- Description of the task
Only the lines from the one containing "3. Бакирова Г." through the final line below belong in the output, copied exactly and without pictures.

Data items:

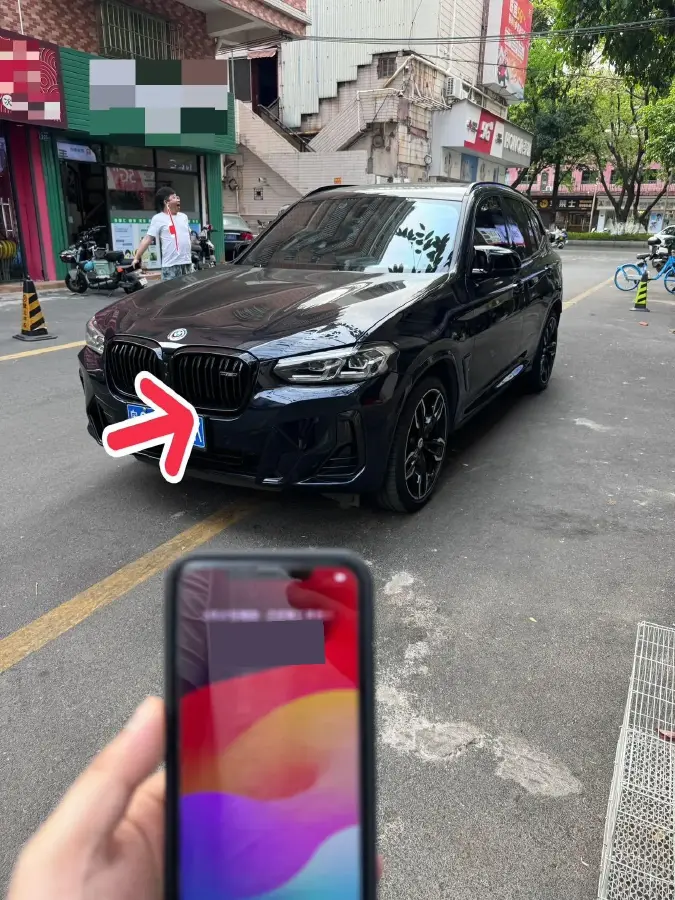 2022 BMW 3.0T 333HP L6 8AT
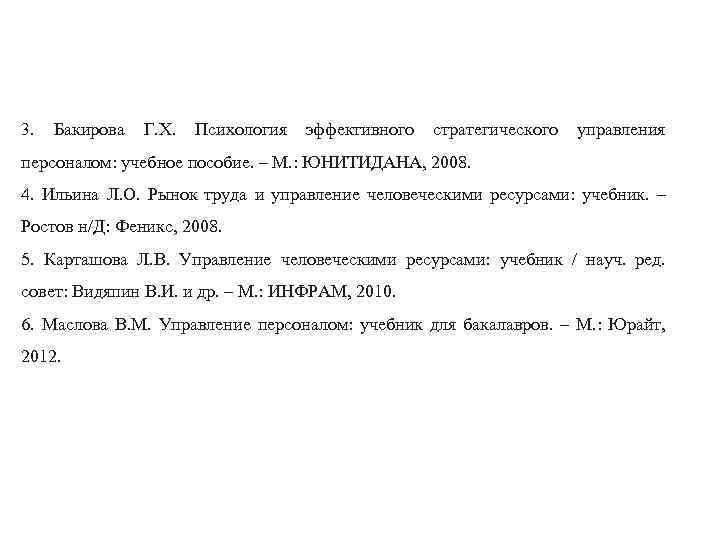 3. Бакирова Г. Х. Психология эффективного стратегического управления персоналом: учебное пособие. – М. :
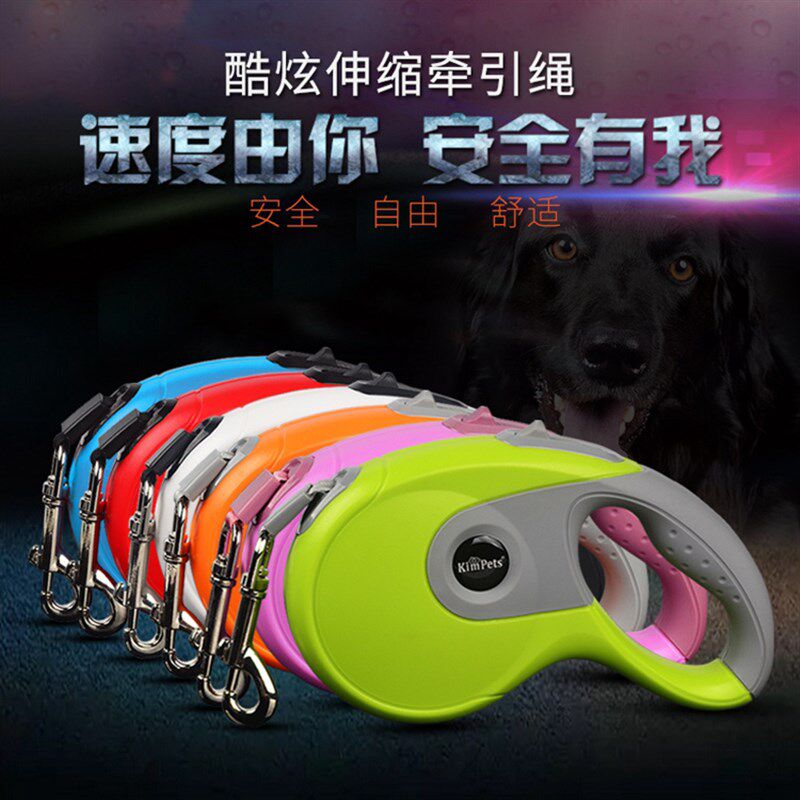 狗狗缩引绳可伸牵自动小型犬大型犬链子品迪金毛柯基用泰遛狗绳子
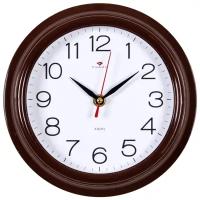 Часы настенные Рубин Классика круглой формы d-21см для кухни, спальни, детской, кварцевый механизм с плавным ходом, арабские цифры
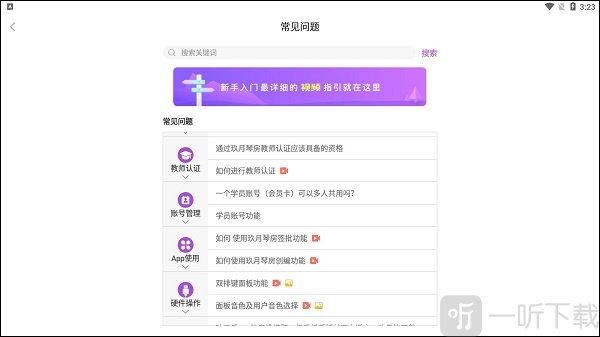 玖月琴房安卓版下载安装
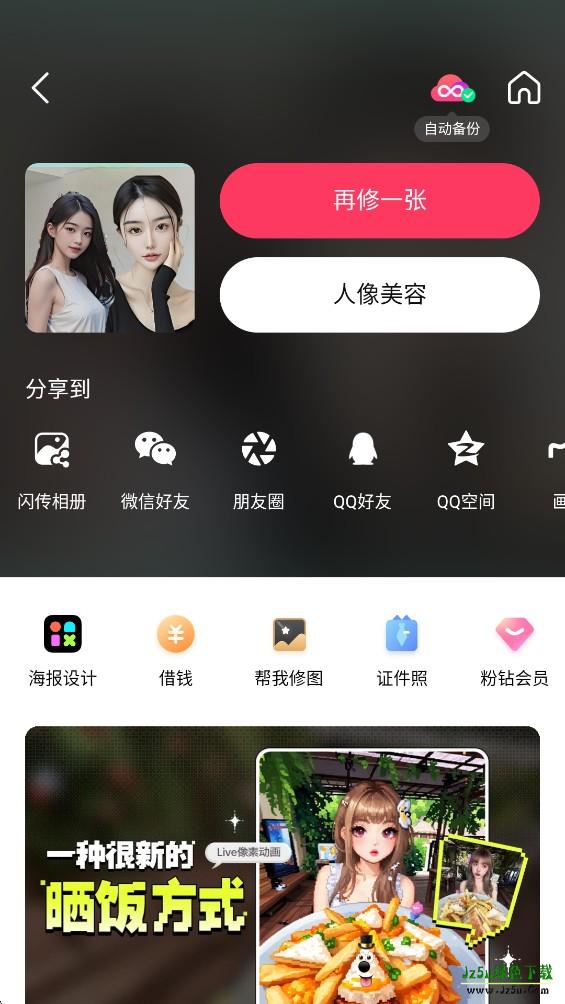 美图秀秀app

- Your response
 3. Бакирова Г. Х. Психология эффективного стратегического управления персоналом: учебное пособие. – М. :
 狗狗缩引绳可伸牵自动小型犬大型犬链子品迪金毛柯基用泰遛狗绳子
 Часы настенные Рубин Классика круглой формы d-21см для кухни, спальни, детской, кварцевый механизм с плавным ходом, арабские цифры
 玖月琴房安卓版下载安装
 美图秀秀app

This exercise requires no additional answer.